Irish stew as it is today with the emphasis on potatoes could not, of course, have existed before the discovery of potatoes in the New World. However, the Irish were making stews out of tough old lamb well before then. And this is what you are really supposed to make it out of - mutton - old lamb, and my mother did probably make it with mutton. You could get mutton back then. Not so much now. And I think she probably made it with scrag end of neck chops at the end of the month when the money was running out. Nowadays you can only get lamb of course, so I made it with the aforesaid forequarter chops - which is shoulder really I think. Why mutton? Well apparently because young sheep were too valuable.
“the economic importance of sheep lay in their wool and milk produce, and thus ensured that only old or economically non-viable animals ended up in the cooking pot”. Regina Sexton
It was sometimes made with kid though. Which is ironic isn't it because I'm guessing that goat is hard to come by in Britain these days and also probably expensive. Indeed it was interesting to see various writers referring to lamb shanks as expensive. They also used to be a cheap cut - like oxtail. But I digress.
So how do you make Irish Stew?
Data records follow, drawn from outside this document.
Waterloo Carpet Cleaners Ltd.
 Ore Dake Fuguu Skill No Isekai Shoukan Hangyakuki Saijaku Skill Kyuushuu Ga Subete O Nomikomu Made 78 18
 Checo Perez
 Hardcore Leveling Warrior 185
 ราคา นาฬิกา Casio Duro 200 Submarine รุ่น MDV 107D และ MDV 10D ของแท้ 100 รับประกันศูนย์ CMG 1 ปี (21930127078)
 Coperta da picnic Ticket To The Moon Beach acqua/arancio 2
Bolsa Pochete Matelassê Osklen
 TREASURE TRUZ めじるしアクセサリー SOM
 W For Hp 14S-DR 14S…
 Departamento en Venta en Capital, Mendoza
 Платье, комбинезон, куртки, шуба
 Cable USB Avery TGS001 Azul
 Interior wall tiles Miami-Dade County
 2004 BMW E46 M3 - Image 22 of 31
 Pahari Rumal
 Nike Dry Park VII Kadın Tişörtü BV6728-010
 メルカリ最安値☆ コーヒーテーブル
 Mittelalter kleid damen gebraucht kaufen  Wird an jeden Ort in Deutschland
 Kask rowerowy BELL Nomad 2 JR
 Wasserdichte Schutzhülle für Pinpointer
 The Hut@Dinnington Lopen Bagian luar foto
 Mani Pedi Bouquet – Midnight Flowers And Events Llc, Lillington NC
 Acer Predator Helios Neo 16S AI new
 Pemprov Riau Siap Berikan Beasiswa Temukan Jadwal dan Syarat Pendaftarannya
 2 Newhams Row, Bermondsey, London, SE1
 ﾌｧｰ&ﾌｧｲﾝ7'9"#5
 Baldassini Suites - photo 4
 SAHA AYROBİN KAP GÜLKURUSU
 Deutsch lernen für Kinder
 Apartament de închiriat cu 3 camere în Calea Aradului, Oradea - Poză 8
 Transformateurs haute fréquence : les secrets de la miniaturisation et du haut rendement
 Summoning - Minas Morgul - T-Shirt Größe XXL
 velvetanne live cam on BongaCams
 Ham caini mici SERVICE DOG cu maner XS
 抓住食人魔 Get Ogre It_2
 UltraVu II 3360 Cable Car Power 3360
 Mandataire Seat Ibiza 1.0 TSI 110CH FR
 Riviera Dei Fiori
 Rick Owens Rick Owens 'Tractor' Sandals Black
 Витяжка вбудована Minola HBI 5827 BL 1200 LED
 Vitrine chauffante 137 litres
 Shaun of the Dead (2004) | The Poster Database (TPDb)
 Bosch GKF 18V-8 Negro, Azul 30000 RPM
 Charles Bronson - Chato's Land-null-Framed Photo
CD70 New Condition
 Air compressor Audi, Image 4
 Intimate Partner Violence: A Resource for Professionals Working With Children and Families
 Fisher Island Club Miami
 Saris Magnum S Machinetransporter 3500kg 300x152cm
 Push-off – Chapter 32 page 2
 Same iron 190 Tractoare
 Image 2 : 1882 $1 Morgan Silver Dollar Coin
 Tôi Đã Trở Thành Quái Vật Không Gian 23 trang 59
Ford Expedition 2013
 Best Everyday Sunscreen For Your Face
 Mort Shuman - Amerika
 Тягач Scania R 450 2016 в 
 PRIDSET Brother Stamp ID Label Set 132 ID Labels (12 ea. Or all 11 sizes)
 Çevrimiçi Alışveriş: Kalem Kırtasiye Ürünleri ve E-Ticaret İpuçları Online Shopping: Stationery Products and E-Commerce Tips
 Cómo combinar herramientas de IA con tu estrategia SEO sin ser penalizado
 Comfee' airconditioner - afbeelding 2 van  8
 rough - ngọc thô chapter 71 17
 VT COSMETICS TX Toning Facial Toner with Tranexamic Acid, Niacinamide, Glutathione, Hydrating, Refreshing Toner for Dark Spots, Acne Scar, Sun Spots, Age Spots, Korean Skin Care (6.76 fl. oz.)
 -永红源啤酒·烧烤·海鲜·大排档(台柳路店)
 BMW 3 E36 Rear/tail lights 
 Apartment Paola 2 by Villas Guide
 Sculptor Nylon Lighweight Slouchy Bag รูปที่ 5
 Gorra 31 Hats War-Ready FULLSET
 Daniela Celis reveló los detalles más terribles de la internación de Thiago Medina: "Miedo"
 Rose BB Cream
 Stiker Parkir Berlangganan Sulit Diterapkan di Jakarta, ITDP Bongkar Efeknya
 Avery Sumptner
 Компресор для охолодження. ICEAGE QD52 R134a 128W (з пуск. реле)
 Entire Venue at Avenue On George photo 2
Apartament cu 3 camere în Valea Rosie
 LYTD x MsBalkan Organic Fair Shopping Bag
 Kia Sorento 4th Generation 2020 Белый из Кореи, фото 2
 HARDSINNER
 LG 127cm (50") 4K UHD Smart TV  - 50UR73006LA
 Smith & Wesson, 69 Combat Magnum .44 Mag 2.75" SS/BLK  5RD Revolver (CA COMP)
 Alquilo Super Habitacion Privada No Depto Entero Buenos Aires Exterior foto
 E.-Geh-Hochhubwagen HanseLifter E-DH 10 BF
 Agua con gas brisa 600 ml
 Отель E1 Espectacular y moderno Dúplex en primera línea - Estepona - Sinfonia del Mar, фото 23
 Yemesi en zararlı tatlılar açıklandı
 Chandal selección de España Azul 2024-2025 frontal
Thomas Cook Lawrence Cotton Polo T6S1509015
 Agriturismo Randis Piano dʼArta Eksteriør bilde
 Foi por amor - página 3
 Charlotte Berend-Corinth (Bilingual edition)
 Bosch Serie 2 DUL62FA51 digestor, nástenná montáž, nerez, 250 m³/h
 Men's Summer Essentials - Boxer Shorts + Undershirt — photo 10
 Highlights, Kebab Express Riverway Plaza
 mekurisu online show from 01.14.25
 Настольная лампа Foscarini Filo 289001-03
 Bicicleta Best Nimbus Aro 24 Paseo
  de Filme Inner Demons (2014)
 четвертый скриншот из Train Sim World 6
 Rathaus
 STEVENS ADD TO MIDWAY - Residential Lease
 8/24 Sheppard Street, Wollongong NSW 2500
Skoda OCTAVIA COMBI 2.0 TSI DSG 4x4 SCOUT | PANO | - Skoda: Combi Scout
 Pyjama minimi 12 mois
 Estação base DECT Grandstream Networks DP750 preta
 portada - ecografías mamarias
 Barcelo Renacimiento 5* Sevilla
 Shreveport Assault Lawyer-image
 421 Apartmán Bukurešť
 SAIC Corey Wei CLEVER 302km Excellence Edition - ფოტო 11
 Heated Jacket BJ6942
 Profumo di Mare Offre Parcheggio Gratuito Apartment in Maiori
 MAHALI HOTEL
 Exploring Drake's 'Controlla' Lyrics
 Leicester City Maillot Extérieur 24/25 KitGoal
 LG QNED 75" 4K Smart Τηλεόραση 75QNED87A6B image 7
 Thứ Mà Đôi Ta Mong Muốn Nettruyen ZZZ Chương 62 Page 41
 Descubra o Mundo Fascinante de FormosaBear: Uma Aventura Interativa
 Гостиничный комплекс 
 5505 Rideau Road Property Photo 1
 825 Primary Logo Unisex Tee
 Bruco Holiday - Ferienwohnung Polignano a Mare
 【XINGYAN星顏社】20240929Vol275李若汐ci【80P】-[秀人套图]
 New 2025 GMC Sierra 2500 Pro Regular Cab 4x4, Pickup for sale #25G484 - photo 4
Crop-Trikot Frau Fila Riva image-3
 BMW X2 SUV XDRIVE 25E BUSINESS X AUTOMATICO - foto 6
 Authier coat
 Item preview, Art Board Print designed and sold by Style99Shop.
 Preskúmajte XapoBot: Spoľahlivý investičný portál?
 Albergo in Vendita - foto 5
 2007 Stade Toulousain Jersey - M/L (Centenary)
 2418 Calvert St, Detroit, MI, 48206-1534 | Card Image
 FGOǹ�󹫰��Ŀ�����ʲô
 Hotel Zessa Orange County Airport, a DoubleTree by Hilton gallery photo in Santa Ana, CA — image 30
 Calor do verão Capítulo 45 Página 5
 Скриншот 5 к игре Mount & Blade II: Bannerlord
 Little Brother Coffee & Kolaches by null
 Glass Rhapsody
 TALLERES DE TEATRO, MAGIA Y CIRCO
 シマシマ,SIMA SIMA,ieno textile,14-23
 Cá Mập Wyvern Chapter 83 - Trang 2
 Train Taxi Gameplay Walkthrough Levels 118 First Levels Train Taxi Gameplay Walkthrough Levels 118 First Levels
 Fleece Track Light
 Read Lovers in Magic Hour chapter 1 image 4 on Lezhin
Well basically you layer lamb chops with potatoes and onions, and perhaps parsley and thyme, pour water over the top and cook in the oven for a couple of hours. So simple and so tasty. Robert Carrier was so enamoured of this very simple dish that he included it in his updated New Great Dishes of the World, in the Great Classics section.
"One of the most satisfying dinners in the world is a simple Irish stew - shoulder or middle neck of lamb, or better yet, mutton, cooked, at it's simple best, with a little sliced onion and mixed herbs for flavour, and sliced potatoes for thickening. The cooking medium is, of course, water, or at the most a light broth. A scattering of chopped flat-leaf parsley is enough to garnish this lovely dish."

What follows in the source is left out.